Pada satu titik, nenek hanya menjadi tempat sang cucu untuk meminta uang dan bantuan-bantuan kecil lainnya untuk kepentingan sekolah.
Lingkungan pergaulan yang berubah dengan cepat, dengan tuntutan yang menjadi sumber tekanan baru, mendorong anak masuk dalam sebuah situasi yang cenderung menyelaraskan dengan lingkungan tersebut. Anak-anak tumbuh lebih banyak bersama dengan lingkungan teman sebayanya, sehingga ajakan untuk berhenti sekolah dan tidak melanjutkan kembali pendidikannya diikuti dan dipatuhi oleh mereka.
Anak-anak ini bertumbuh dengan kurangnya kesadaran akan pentingnya membekali diri dengan pendidikan yang lebih tinggi. Mereka tumbuh dengan kecenderungan untuk bersenang-senang, dan tidak memanfaatkan waktu untuk melakukan hal-hal yang positif sebagai bekal untuk masa depan yang lebih baik. Mereka tumbuh tanpa keterarahan yang jelas dalam proses pengasuhan. Mereka tumbuh tanpa kehadiran orangtua yang lengkap.
Beberapa dari anak-anak ini masuk ke dalam lingkungan sosial yang cenderung memberikan paparan hal-hal buruk, yang mengakibatkan mereka menjadi pelaku kejahatan, seperti pencurian, perkelahian, dan bahkan masuk dalam jaringan peredaran gelap narkoba. Tidak sedikit dari anak-anak ini yang harus menjalani kehidupan di penjara.
Dan sebagian dari mereka yang pernah mengalami kehidupan di penjara, tidak selalu keluar dengan kehidupan yang bersih dan mendorong perubahan ke arah yang lebih baik, akan tetapi menjadi semakin terpuruk dalam kelindan dan belitan masalah yang tidak berkesudahan.
Hati kami terasa pedih mendengarkan rangkaian cerita kelam dari Mbak Sulis yang menggambarkan seperti apa derita yang dialami oleh para pekerja migran dan mantan pekerja migran dalam kehidupan anak-anak mereka. Kerapkali dalam pedih, tak sanggup kami mengajukan pertanyaan.
Kepedihan semakin menguat karena teringat pada apa yang dikatakan oleh Gibran, bahwa “kehidupan tidak bergerak mundur dan tidak tinggal bersama hari kemarin”. Yang telah terjadi, tidak dapat diulangi. Tetapi dari situasi yang dihadapi ini, pertanyaan menggeliat, apakah yang telah terjadi, tidak dapat menjadi cara kita untuk mulai mengubah gerak ke depan?

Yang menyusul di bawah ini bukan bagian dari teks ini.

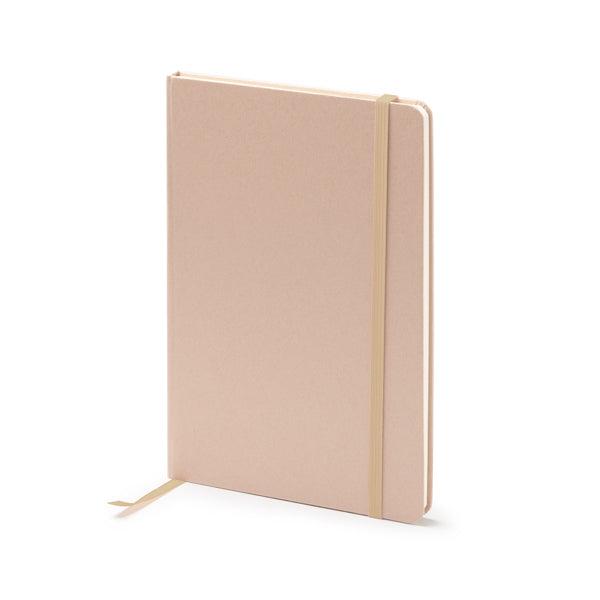 Notebook FRUTI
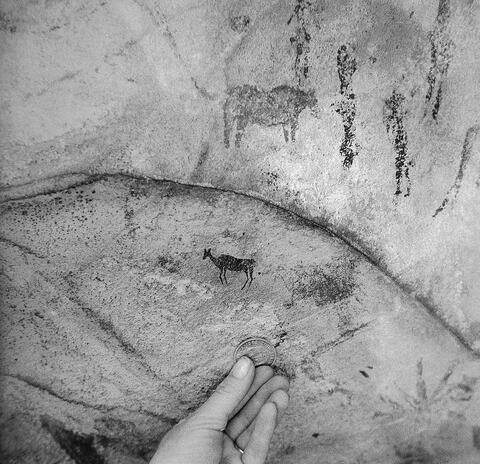 Open original Digital object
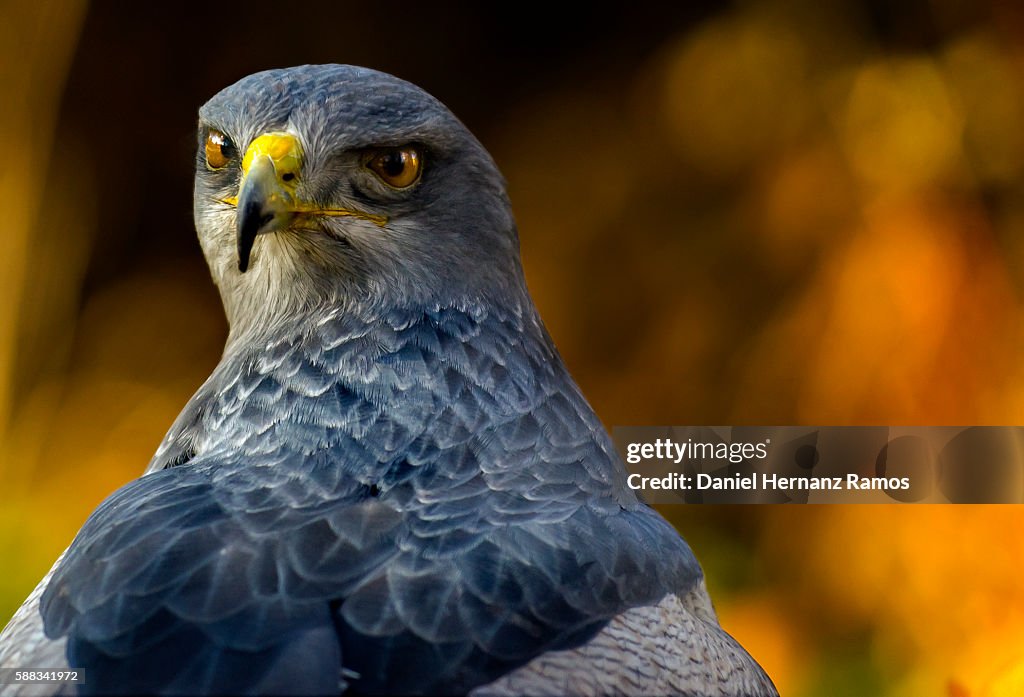 Blackchested Buzzardeagle Geranoaetus Melanoleucus HighRes Stock Photo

Dan ternyata dari situasi gelap dan pedih ini, Pertakina mulai dengan beranjak untuk mengubah gerak ke depan. Pertama berangkat dari pemetaan situasi yang mereka alami, berusaha memperhatikan anak-anak dari pekerja migran untuk memberikan mereka pendampingan.

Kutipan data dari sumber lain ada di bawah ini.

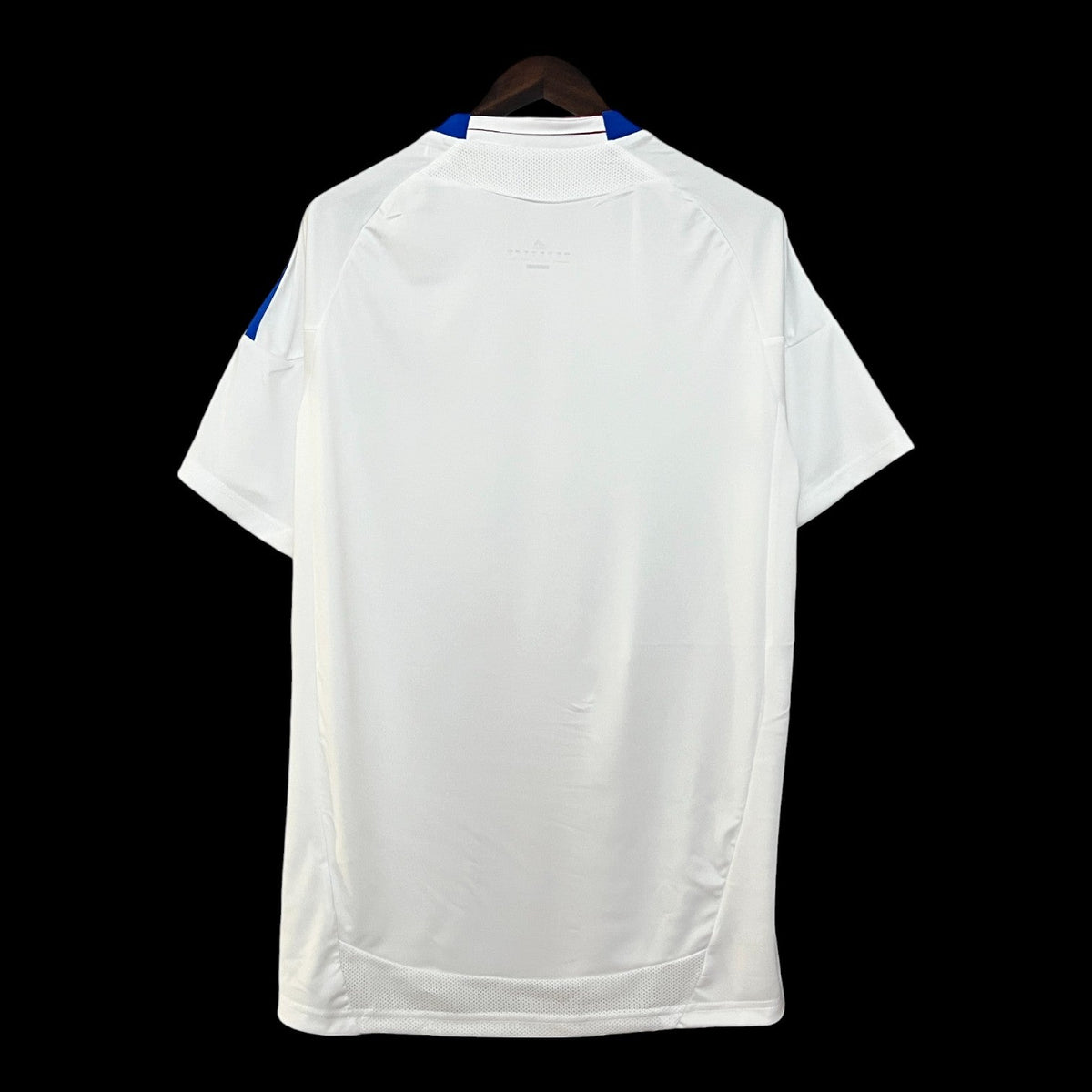 Maillot Olympique Lyonnais 10/11 version fan — vue dos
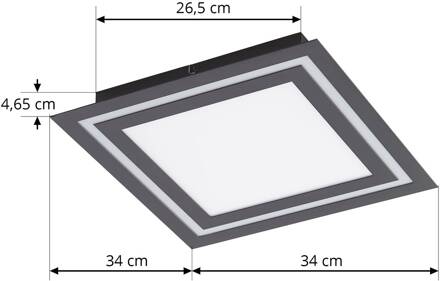 Leicy LED plafondlamp RGBW zwart 34cm zwart, wit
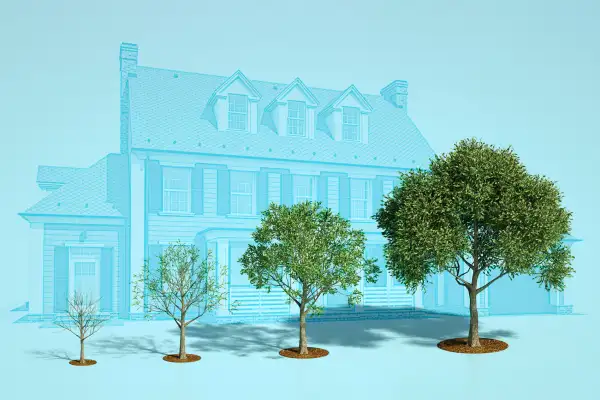 Collage of a home with multiple trees in different stages of growth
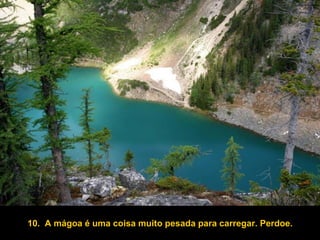 10.  A mágoa é uma coisa muito pesada para carregar. Perdoe. 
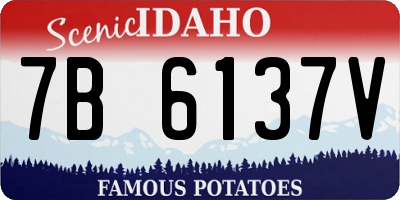 ID license plate 7B6137V
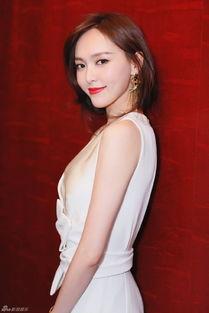 道子资料合集,探寻东方哲学智慧之精髓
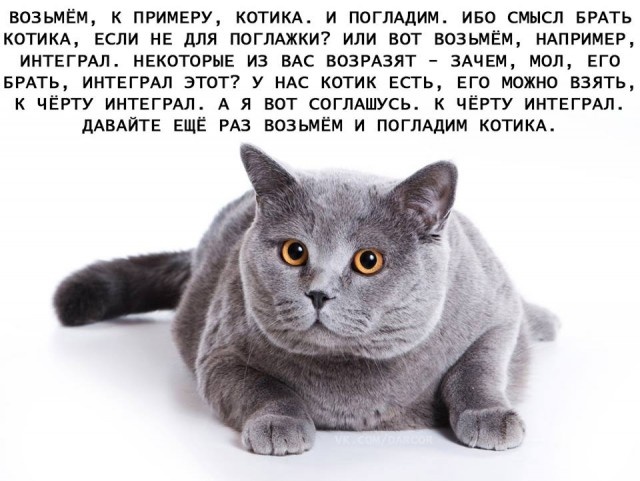 Странный, но забавный юмор из социальных сетей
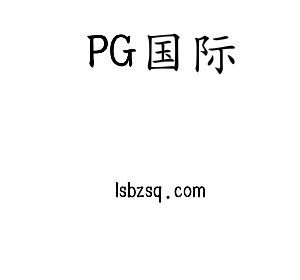 深圳市PG国际电子有限公司官网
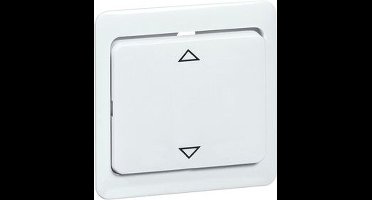 Honeywell Peha standaard Bedieningselement/Centrale Plaat Schakelmateriaal - 00189211 - E28WX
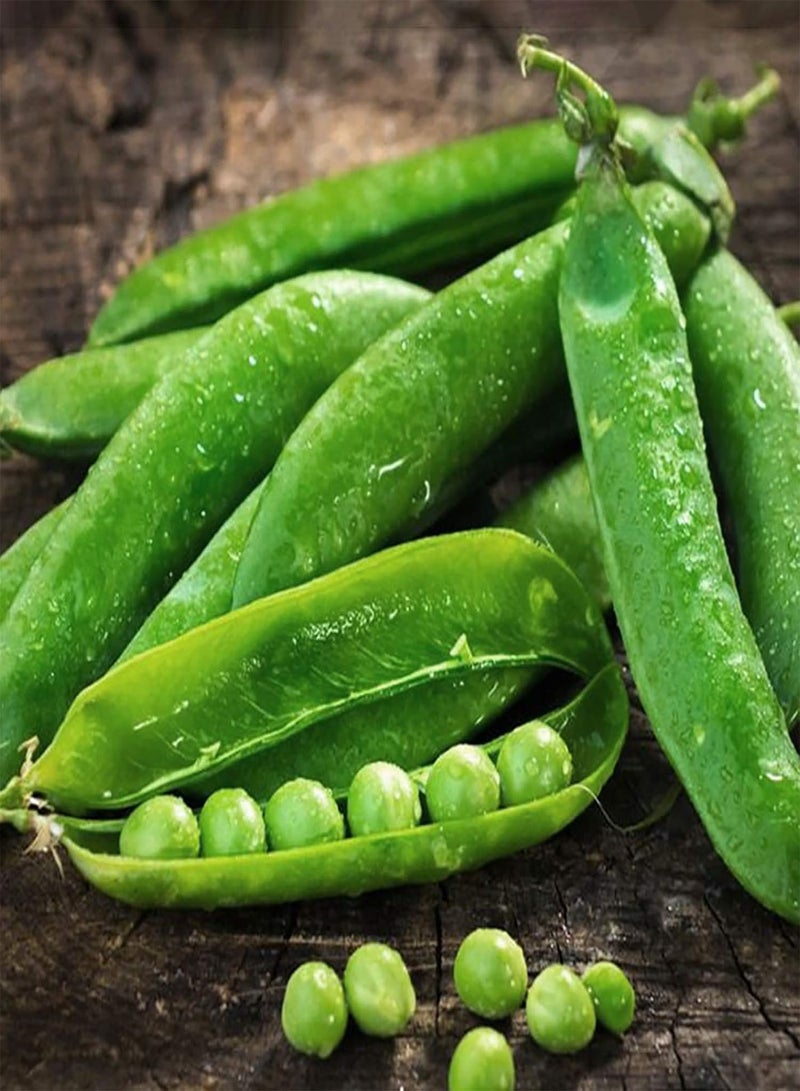 GGOOT 400Pcs Pea Seeds,Fast Growing Climbing Plants Easy to Grow Garden Pea Plants Vegetable Seeds Pea Seeds - Image 3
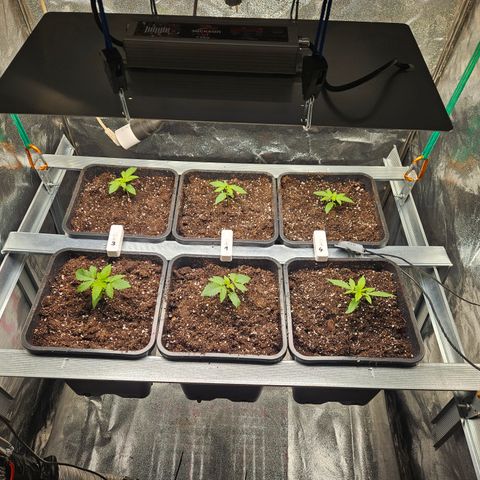 Super OG kush #1 growlog timeline photo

Dari sebuah langkah kecil, mereka mulai mempercayai bahwa gerak perubahan bisa dilakukan. Terima kasih Mbak Sulis dan kawan-kawan di Pertakina, kami belajar suatu hal baru hari ini. Belajar untuk melihat bahwa realitas sebagai pekerja migran bukan realitas yang sederhana. Realitas yang sesungguhnya jauh lebih besar dan berdampak pada keberlangsungan bangsa ini, bukan hanya soal kesejahteraan sosial, tetapi juga soal masa depan anak-anak yang ditinggalkan.
Demikian sekilas opini dari Maria Puspitasari, Dosen Sekolah Kajian Stratejik & Global Universita Indonesia.